I restarted logstash at this point, hoping it would start pulling those specified fields, but I'm still having zero indexes built (see first post).

How do I twist logstash's arm to actually do something?!

Thank you!


(Magnus Bäck) #3

You're probably running into the same beginner's mistake as everybody else. Look into the file input's sincedb_path option (and ignore_older if you're running Logstash 2.4).


#4

Hi Magnus,

Thank you for your reply.

I was actually using sincedb_path originally, as I was following this CSV guide: https://qbox.io/blog/import-csv-elasticsearch-logstash-sincedb.

Unfortunately it doesn't appear to make any difference to my current predicament. I have re-added
sincedb_path => "/tmp/wsa-h002606.sincedb"
but no file gets created there upon restart of logstash


#5

Ah, tell a lie. The sincedb file does get created, but only on the second service restart.

After leaving it for a few minutes though, then restarting the service again, the contents of the file is just:

 0 0 0

I guess this is indicating that logstash hasn't processed anything?


(Magnus Bäck) #6

Yes.

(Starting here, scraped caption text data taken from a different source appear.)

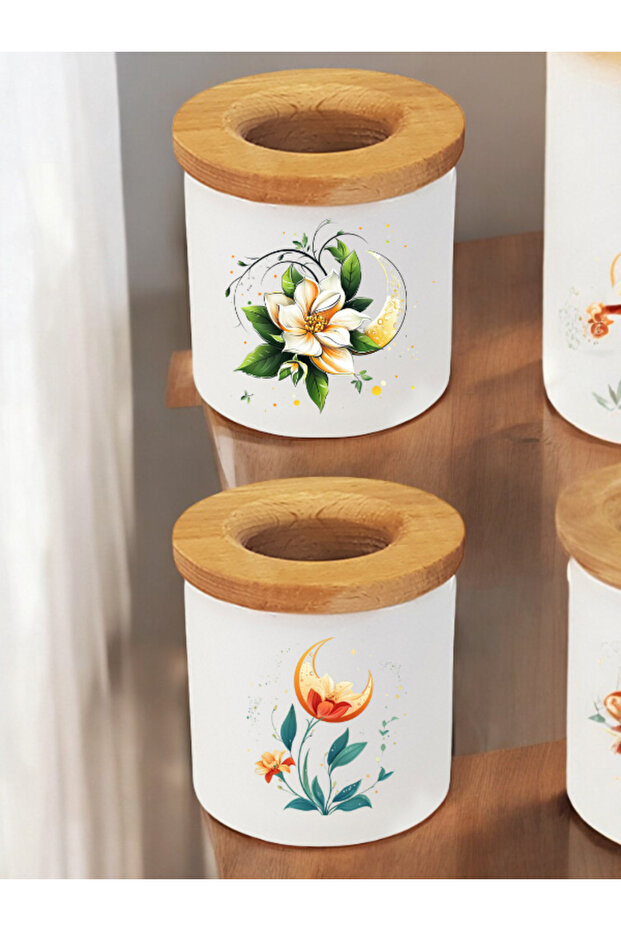 Moon Flower 2-Piece Pen Holder - Pen Holder for Teacher's Day, Teacher's Day Gift Pen Holder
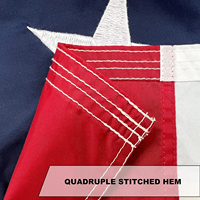 Drapeau de l'État du Texas brodé 3x5 pieds en gros avec étoiles cousues, rayures et œillets en laiton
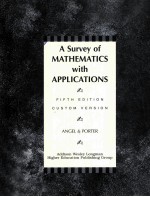 A SURVEY OF MATHEMATICS WITH APPLICATIONS FIFTH EDITION CUSTOM VERSION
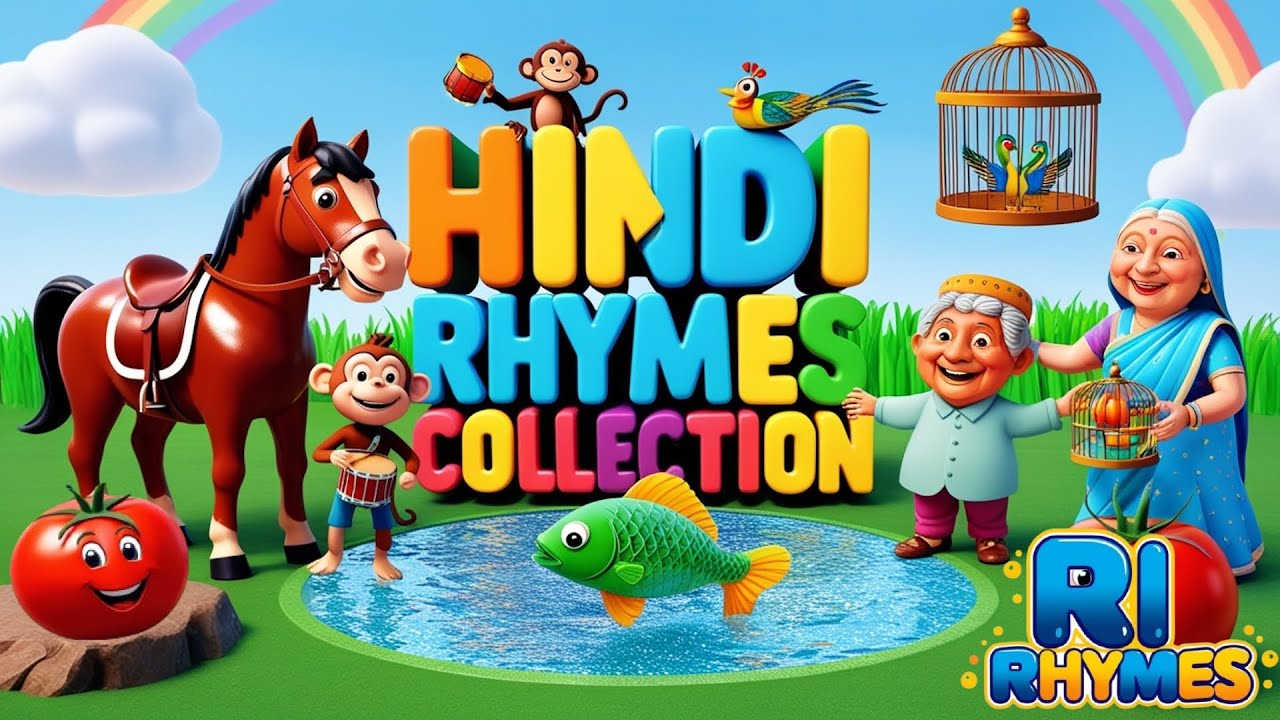 Best Nursery Rhymes Collection | Top Hindi Poems | Hindi Rhymes for ...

It has at least not recorded anything of what it's done in the sincedb file. To ignore the sincedb functionality and always read the files from the beginning you can use /dev/null as the sincedb file.


(system) #7

This topic was automatically closed 28 days after the last reply. New replies are no longer allowed.